Pictures must not be copied, but every entry must be reproduced exactly.

Exercise data START

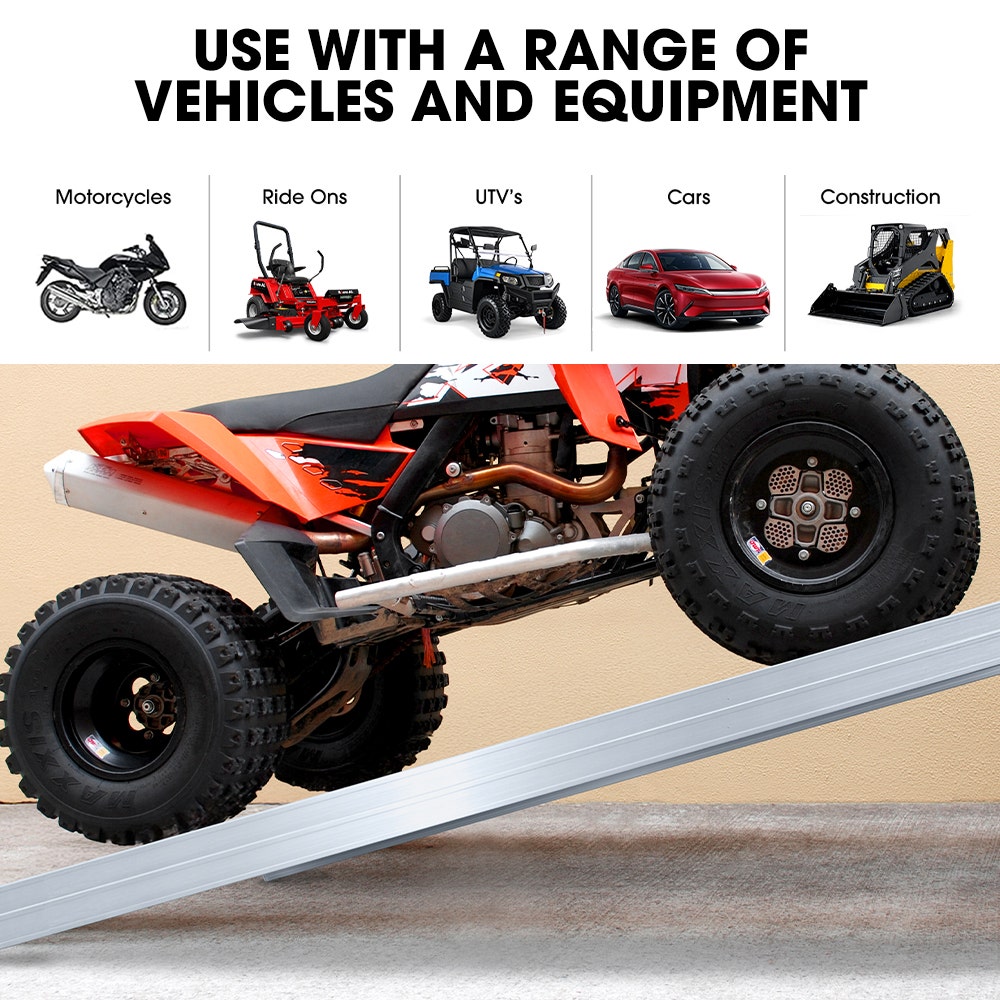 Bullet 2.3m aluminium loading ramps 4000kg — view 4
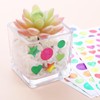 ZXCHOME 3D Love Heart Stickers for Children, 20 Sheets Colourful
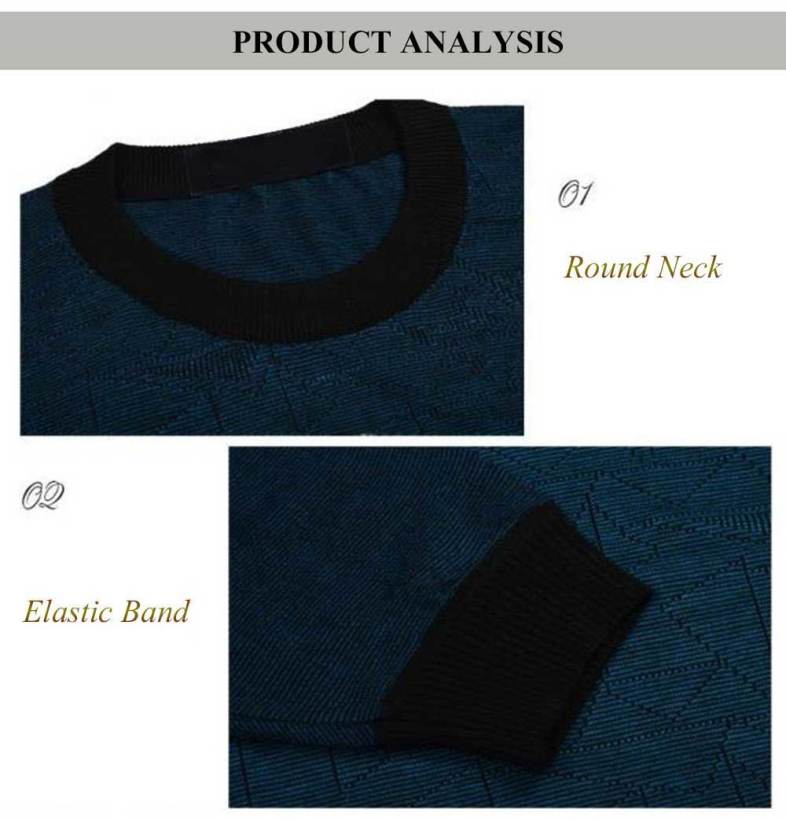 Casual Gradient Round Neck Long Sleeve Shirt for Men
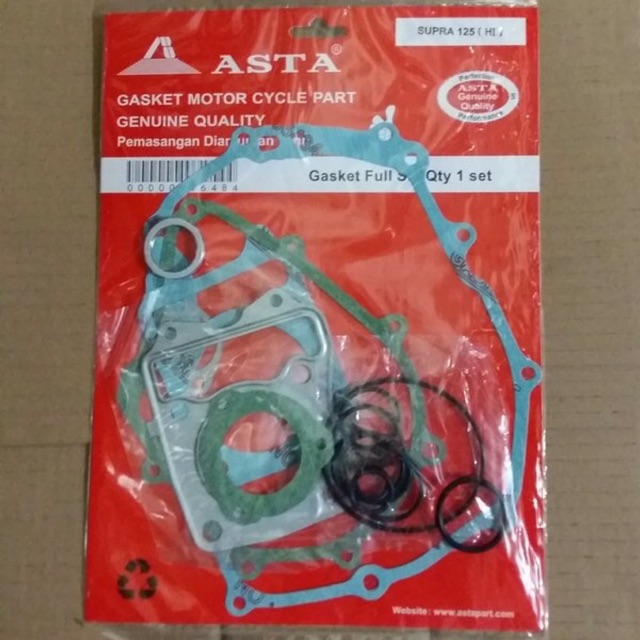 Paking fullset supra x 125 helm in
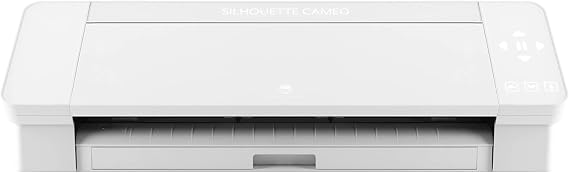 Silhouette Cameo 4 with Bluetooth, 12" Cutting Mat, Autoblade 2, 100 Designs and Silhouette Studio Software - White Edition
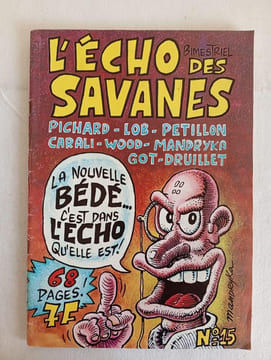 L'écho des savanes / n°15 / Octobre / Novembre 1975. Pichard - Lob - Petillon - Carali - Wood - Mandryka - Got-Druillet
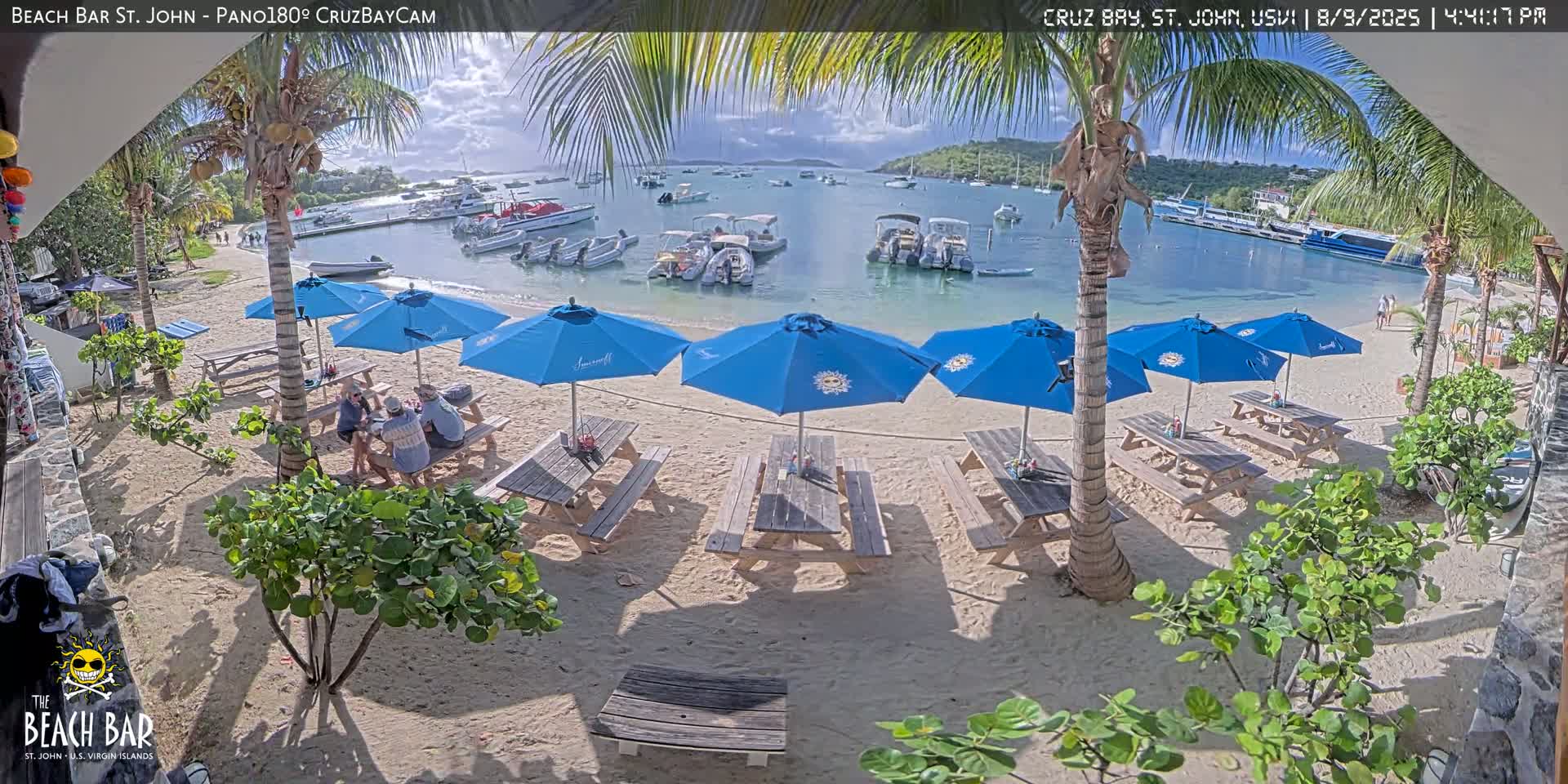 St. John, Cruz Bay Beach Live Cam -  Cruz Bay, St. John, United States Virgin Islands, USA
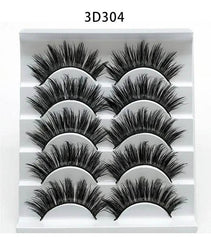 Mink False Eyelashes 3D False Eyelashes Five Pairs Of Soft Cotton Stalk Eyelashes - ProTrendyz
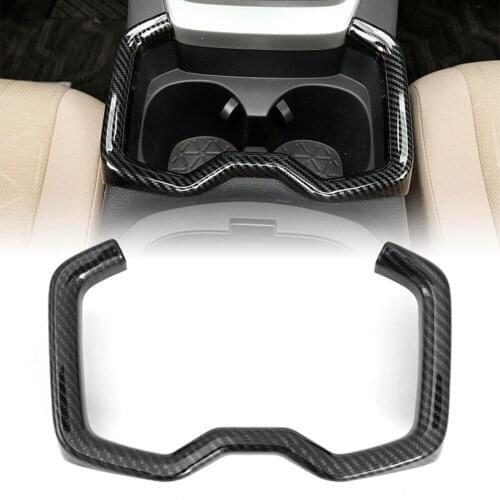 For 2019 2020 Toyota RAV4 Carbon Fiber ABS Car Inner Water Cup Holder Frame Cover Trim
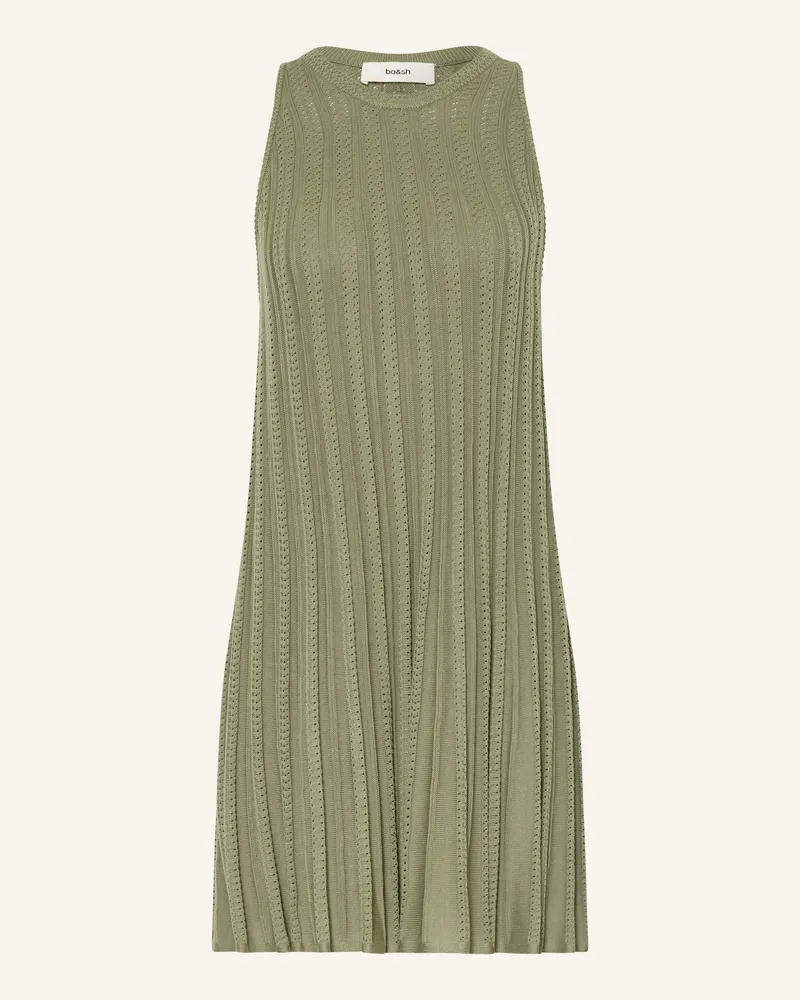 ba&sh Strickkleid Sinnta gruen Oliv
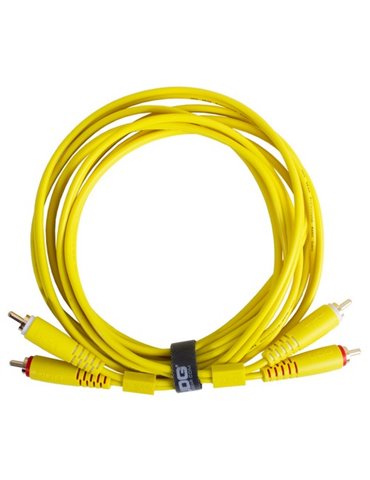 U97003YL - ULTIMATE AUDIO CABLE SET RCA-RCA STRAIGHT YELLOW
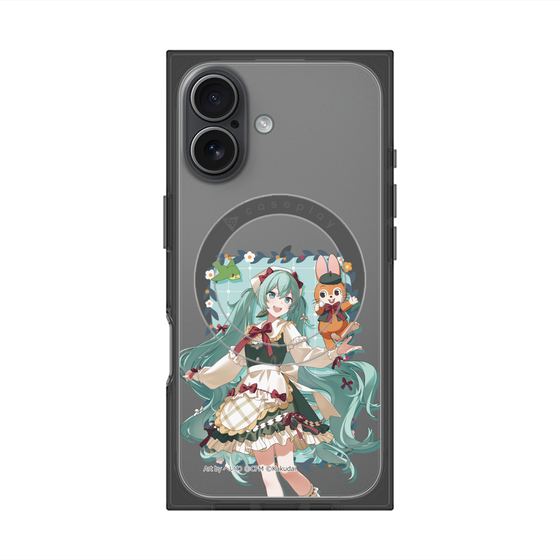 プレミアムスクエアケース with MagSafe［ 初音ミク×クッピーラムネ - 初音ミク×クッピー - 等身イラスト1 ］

Exercise data END

#### [Task output]
 Bullet 2.3m aluminium loading ramps 4000kg — view 4
 ZXCHOME 3D Love Heart Stickers for Children, 20 Sheets Colourful
 Casual Gradient Round Neck Long Sleeve Shirt for Men
 Paking fullset supra x 125 helm in
 Silhouette Cameo 4 with Bluetooth, 12" Cutting Mat, Autoblade 2, 100 Designs and Silhouette Studio Software - White Edition
 L'écho des savanes / n°15 / Octobre / Novembre 1975. Pichard - Lob - Petillon - Carali - Wood - Mandryka - Got-Druillet
 St. John, Cruz Bay Beach Live Cam -  Cruz Bay, St. John, United States Virgin Islands, USA
 Mink False Eyelashes 3D False Eyelashes Five Pairs Of Soft Cotton Stalk Eyelashes - ProTrendyz
 For 2019 2020 Toyota RAV4 Carbon Fiber ABS Car Inner Water Cup Holder Frame Cover Trim
 ba&sh Strickkleid Sinnta gruen Oliv
 U97003YL - ULTIMATE AUDIO CABLE SET RCA-RCA STRAIGHT YELLOW
 プレミアムスクエアケース with MagSafe［ 初音ミク×クッピーラムネ - 初音ミク×クッピー - 等身イラスト1 ］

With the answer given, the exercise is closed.